Reputation: 863
I've been using Beam for some time now and I'd like to know what are the key concepts for writing efficient and optimized Beam pipelines.
I have a little Spark background and I know that we may prefer to use a reduceByKey instead of a groupByKey to avoid shuffling and optimise network traffic.
Is it the same case for Beam?
I'd appreciate some tips or materials/best pratices.
Upvotes: 4
Views: 1925
Reputation: 1256
Some items to consider:
Filer first; place filter operations as high in the DAG as possible)
Combine early; If there is a choice as to when to combine, do this as early as possible.
If possible reduce the effect of large sliding windows by using smaller fixed windows before the large sliding window. FixedWindow.of(1m) | Combine | SlidingWindow.of( 6 Hour)
Most runners will support graph fusion, which is the right thing 99% of the time. But in the case of a massive fanout transform you should break fusion.
For keys in general
Advanced key tip:
Compressed files can be easily read with an option flag, however without an Offset TextIO can not distribute this task. If you have very large files to read uncompressing the file before starting the pipeline can provide a nice performance boost. Also look at using formats like compressed Avro.

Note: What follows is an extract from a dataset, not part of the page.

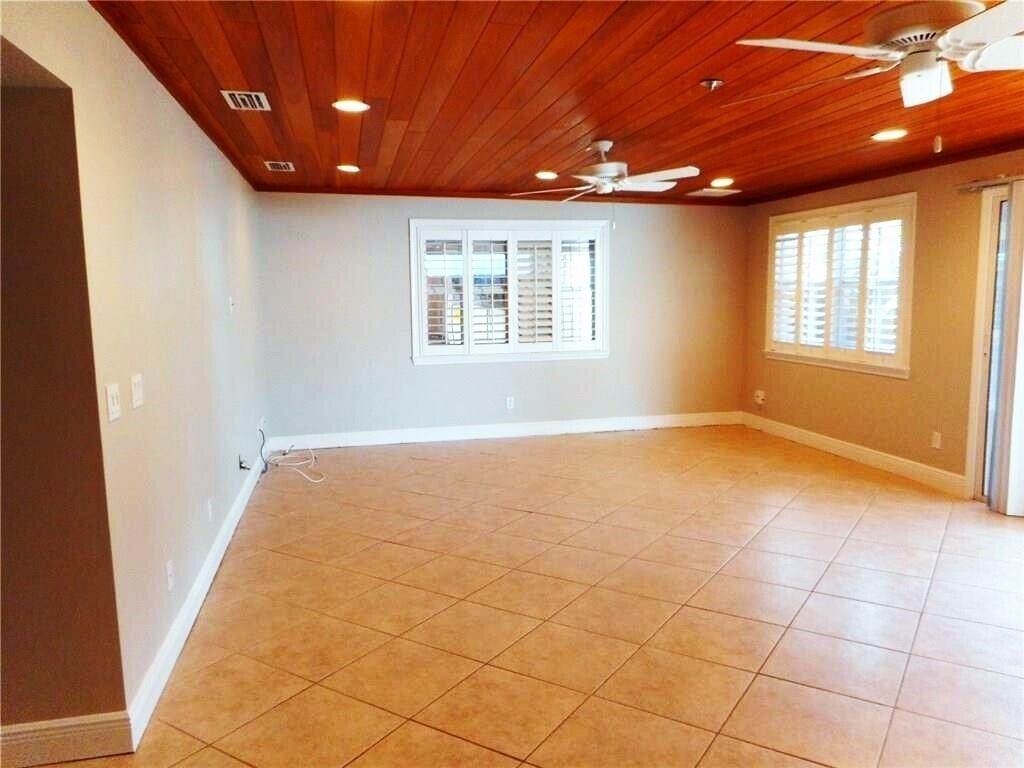 1903 Robalo Drive - Photo 5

BackPressure: Beam runners are designed to be able to rapidly chew through parallel work. They can spin up many threads across many machines to achieve this goal. This can easily swamp external systems, especially if you are making a per element RPC call. If the external system can not be made to scale, create batches using startBundle / finishBundle to help elevate the invocations per second
Speed of light, is well still the speed of light.. :-) Avoid using sinks and sources which are far apart from your workers.
Upvotes: 11